Les ministres des Affaires étrangères de cinq États d’Europe centrale se sont réunis à Vienne et ont insisté pour que les lignes de communication avec la Russie restent ouvertes par l’intermédiaire de l’OSCE afin de faciliter le retour de la paix en Ukraine.
Les ministres des Affaires étrangères de l’Autriche, de la Slovaquie, de la Slovénie, de la République tchèque et de la Hongrie se sont réunis à Vienne mercredi (27 septembre) dans le cadre de la réunion dite des « cinq pays d’Europe centrale » afin de discuter de plusieurs questions d’intérêt commun.
Ils ont notamment plaidé en faveur du maintien de l’Organisation pour la sécurité et la coopération en Europe (OSCE), l’une des rares organisations paneuropéennes dont la Russie est encore membre.
« Je pense que nous devons maintenir ouvertes les lignes de communication et les plateformes dont nous pourrions avoir besoin le moment venu », a déclaré Alexander Schallenberg, ministre autrichien des Affaires étrangères, qui accueillait l’événement, lors d’une conférence de presse.
Tout en soulignant son soutien inconditionnel à l’Ukraine, M. Schallenberg a déclaré que l’OSCE était « la seule plateforme paneuropéenne de dialogue, et je pense qu’elle jouera et peut jouer un rôle crucial à l’avenir ».
Ses homologues ont également souligné l’importance de l’OSCE, le ministre hongrois des Affaires étrangères Péter Szijjártó ayant notamment insisté sur le fait que « les canaux de communication doivent rester ouverts ».
Toutefois, la Hongrie a été critiquée à plusieurs reprises pour son approche relativement conciliante à l’égard de la Russie. En avril, le pays, qui reçoit environ 80 % de son gaz de la Russie, a signé un nouvel accord énergétique avec cette dernière afin de garantir la continuité des approvisionnements en pétrole et en gaz, malgré les promesses européennes d’éliminer progressivement les importations d’énergie russe.
M. Szijjártó retournera en Russie à la mi-octobre pour participer à la Semaine de l’énergie russe.

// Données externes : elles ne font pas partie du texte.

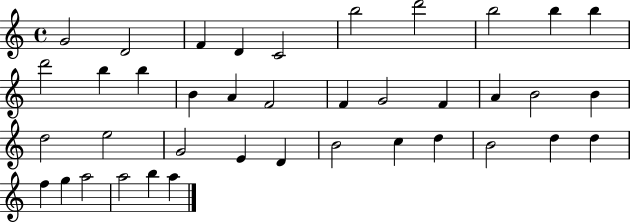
G4/h D4/h F4/q D4/q C4/h B5/h D6/h B5/h B5/q B5/q D6/h B5/q B5/q B4/q A4/q F4/h F4/q G4/h F4/q A4/q B4/h B4/q D5/h E5/h G4/h E4/q D4/q B4/h C5/q D5/q B4/h D5/q D5/q F5/q G5/q A5/h A5/h B5/q A5/q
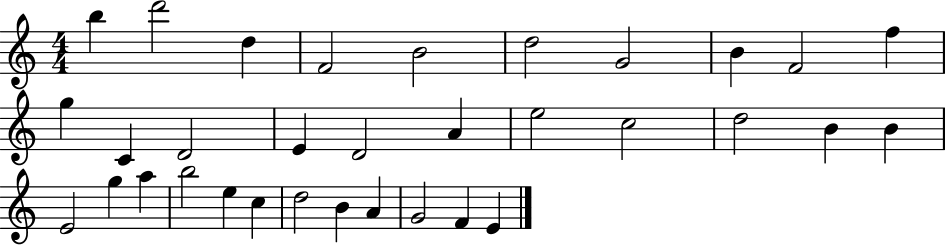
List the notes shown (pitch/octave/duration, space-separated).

B5/q D6/h D5/q F4/h B4/h D5/h G4/h B4/q F4/h F5/q G5/q C4/q D4/h E4/q D4/h A4/q E5/h C5/h D5/h B4/q B4/q E4/h G5/q A5/q B5/h E5/q C5/q D5/h B4/q A4/q G4/h F4/q E4/q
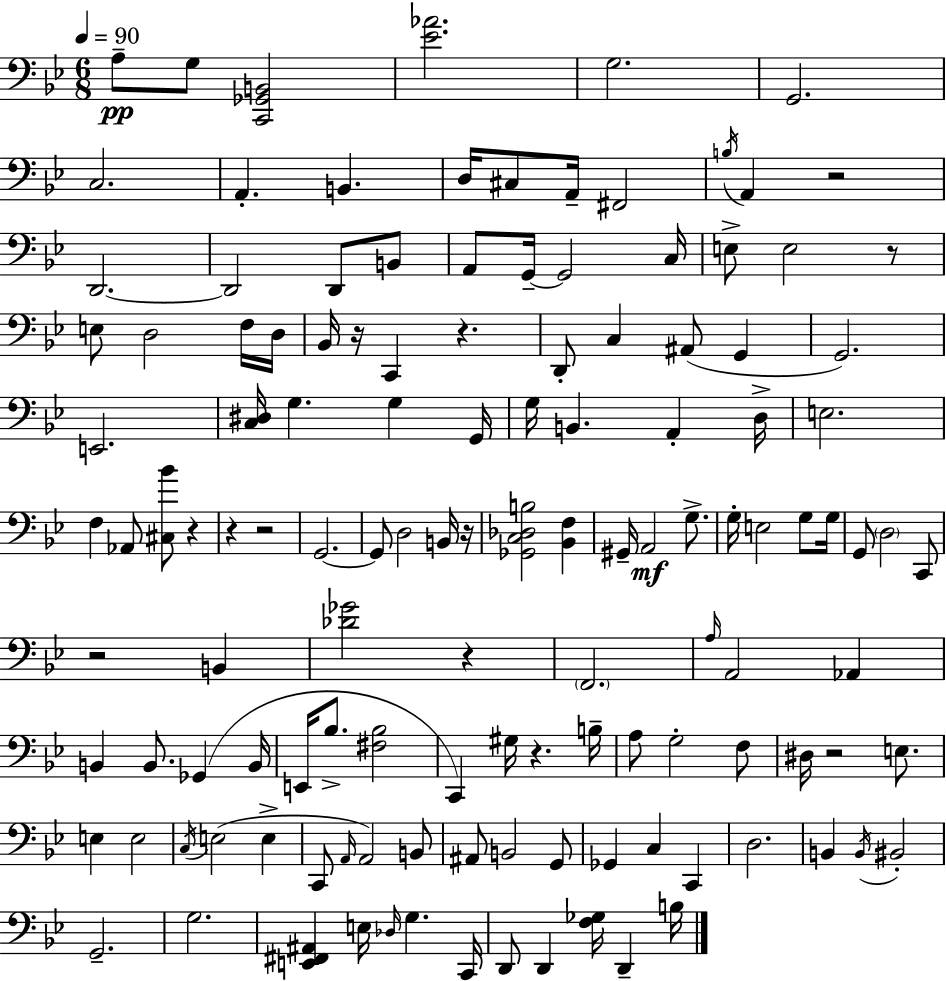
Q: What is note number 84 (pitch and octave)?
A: C2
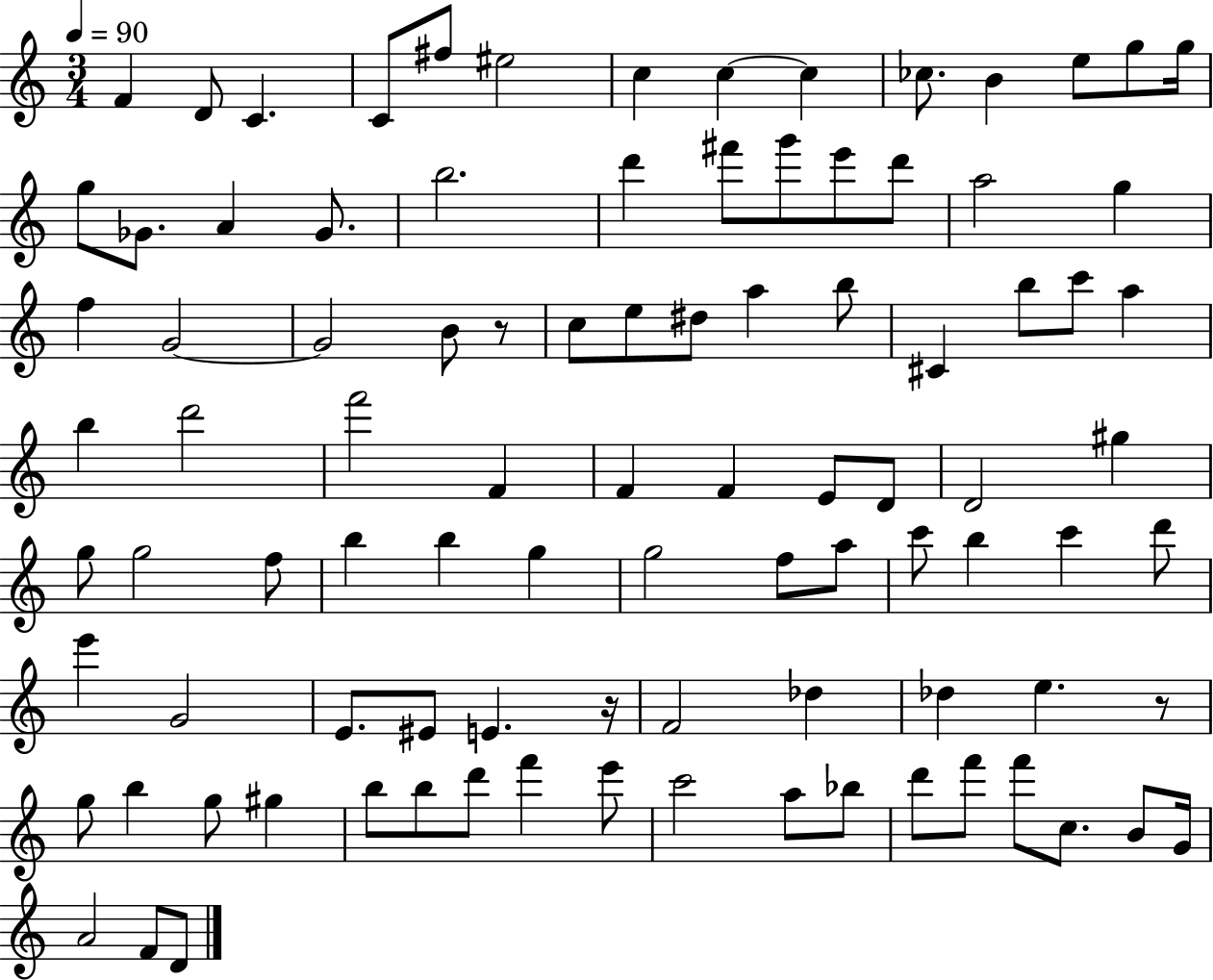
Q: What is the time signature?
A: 3/4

Mais l’Autriche a également été critiquée pour avoir adopté une position plus souple à l’égard de la Russie.
En juillet, le pays importait environ 66 % de son gaz de Russie, contre 79 % avant la guerre. Le représentant de l’UE à Vienne, Martin Selmayr, est allé jusqu’à qualifier le niveau élevé des importations d’énergie en provenance de Russie d’« argent du sang », à la grande consternation du gouvernement autrichien.
L’Autriche a également été fortement critiquée pour avoir permis aux délégués russes de l’OSCE d’entrer en Autriche afin de participer aux réunions de l’organisation. Toutefois, M. Schallenberg a souligné que l’inclusion de la Biélorussie et de la Russie serait vitale pour le fonctionnement de l’organisation.

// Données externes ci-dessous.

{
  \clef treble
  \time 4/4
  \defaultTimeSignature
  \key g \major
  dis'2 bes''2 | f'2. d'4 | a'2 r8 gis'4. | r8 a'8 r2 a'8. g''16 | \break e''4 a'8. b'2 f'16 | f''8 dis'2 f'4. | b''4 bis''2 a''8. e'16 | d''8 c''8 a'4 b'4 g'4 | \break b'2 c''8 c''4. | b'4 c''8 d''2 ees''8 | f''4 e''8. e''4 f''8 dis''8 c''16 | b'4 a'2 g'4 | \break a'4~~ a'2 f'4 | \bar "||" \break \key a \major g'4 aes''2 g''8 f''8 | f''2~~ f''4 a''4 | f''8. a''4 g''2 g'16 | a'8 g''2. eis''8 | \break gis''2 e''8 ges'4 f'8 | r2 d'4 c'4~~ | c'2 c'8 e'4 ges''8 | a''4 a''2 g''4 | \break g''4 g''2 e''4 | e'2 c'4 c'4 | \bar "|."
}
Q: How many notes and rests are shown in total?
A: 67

La Slovénie, la Tchécoslovaquie et la Slovaquie ont également insisté sur la nécessité de sauver l’OSCE de l’insignifiance.
L’OSCE est « la seule organisation qui a un dialogue ouvert avec la Russie », a déclaré Tanja Fajon, ministre slovène des Affaires étrangères, tandis que son homologue tchèque Jan Lipavský a ajouté qu’elle était « l’un des piliers de l’architecture de sécurité européenne ».
L’OSCE est actuellement sous pression, la Russie empêchant l’institution de jouer un rôle majeur dans la guerre en cours.
En raison du veto de la Russie, il n’y a pas non plus d’accord sur le pays qui présidera l’institution en 2024, et les discussions sur le budget de l’organisation sont bloquées depuis des mois.